Tuesday, 1 September 2009

Oxford is a state of mind

As proof that this blog does not forget its roots (aka its title), I interrupt the scheduled summary of my holidays with a few scattered thoughts that have been going through my head recently, things that I have been mulling over far more than is good for me, and which have led to a shocking epiphany (albeit one that had been building up for a while). It's happened. I got over it. I don't care that I'm not in Oxford any more. I don't feel like I am in exile here, or just in a kind of suspended status until some unlikely return. I live here, my life is here, it's not a bad place to live, and I can just get on with it.

Shocking, I know. And about time. I'm not sure quite what did it. I guess partly it was, inevitably, the passing of time, and with it the increasing feelings of familiarity with my surroundings, the people here, the places to go and the roads to get lost on.

Also something (the umbilical cord?) sort of snapped when I was last in the UK in July, and I was only in Oxford very fleetingly - and it didn't hurt.
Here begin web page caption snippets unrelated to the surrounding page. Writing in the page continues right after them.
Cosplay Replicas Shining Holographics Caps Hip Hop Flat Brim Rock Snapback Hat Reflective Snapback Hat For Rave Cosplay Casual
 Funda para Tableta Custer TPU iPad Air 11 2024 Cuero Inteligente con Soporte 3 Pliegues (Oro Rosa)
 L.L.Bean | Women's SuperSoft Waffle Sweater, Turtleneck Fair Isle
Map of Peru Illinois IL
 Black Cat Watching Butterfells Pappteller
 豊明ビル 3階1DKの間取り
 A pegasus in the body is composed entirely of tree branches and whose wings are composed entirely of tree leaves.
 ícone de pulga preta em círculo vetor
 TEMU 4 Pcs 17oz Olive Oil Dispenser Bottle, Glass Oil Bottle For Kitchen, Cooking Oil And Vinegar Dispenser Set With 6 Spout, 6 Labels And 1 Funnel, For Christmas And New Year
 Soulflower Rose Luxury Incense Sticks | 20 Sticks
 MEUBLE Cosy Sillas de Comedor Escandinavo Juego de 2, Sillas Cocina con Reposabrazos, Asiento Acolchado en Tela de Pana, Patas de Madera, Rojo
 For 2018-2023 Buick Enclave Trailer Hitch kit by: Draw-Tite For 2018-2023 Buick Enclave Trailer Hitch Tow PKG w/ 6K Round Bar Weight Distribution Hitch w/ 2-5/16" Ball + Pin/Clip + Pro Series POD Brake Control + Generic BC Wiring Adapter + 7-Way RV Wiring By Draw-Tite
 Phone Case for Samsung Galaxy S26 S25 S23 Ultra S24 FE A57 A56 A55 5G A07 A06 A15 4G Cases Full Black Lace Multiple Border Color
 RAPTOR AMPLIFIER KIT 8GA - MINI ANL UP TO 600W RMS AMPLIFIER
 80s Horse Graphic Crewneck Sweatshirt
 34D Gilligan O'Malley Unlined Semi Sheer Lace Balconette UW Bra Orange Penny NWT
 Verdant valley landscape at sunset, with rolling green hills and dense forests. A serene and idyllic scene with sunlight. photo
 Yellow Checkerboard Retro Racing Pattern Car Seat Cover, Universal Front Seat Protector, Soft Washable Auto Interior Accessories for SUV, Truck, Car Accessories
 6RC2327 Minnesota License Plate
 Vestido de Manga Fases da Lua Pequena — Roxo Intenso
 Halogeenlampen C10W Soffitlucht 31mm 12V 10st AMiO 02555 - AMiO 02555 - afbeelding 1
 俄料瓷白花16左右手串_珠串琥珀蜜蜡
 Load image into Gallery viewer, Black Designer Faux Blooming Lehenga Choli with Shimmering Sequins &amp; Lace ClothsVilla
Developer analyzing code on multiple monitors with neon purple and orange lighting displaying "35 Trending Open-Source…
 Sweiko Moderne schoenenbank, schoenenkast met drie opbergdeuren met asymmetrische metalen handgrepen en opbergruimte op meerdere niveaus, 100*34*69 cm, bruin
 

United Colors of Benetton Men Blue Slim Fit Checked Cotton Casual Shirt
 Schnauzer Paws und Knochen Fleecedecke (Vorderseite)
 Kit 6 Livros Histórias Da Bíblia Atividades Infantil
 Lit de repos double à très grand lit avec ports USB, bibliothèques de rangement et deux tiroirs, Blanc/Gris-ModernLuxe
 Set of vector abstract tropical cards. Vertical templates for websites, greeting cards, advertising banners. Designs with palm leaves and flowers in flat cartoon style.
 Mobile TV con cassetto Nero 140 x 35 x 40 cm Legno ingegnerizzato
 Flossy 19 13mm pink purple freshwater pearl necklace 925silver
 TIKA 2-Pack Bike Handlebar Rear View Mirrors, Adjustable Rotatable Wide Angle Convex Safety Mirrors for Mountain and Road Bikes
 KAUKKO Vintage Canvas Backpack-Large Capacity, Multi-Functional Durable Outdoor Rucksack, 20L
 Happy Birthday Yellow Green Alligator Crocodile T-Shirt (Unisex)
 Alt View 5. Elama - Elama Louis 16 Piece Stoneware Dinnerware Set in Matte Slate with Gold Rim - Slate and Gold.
Unlike the other times. I didn't mind that I wasn't there for longer. I could acknowledge that though it was an enormous part of my life, and the home of some of the people I love most, it was no longer *my* home, and I just had to deal with it. And it felt weird, but also a little liberating.

I guess this last part also has a lot to do with it - who is or isn't there. I think it may not be a coincidence that these revelations have been building up over the span of a few weeks when first Rob, then Nick, have moved out of Oxford, and if they ever return, it won't be as students. It's not quite that my years there acquire meaning only via boyfriends - that would be a bit excessive even for me. But, ultimately, a lot of said years were shared with them, and memories, and growing up both academically and as people, in the good and the bad.

Seeing Rob leave (well, metaphorically, since I wasn't there of course) really hit home, as the last link to all the Catz years and of course a strong emotional tie to the place - there is really no denying now that we are grown up and done and moving on to whatever comes next.

And now Nick is leaving too, and it's like I'm leaving all over again, since so much of my current/more recent life is so tightly bound with his. And it's sad - it really was the last thread hanging - but it doesn't hurt, and that for me is a big achievement.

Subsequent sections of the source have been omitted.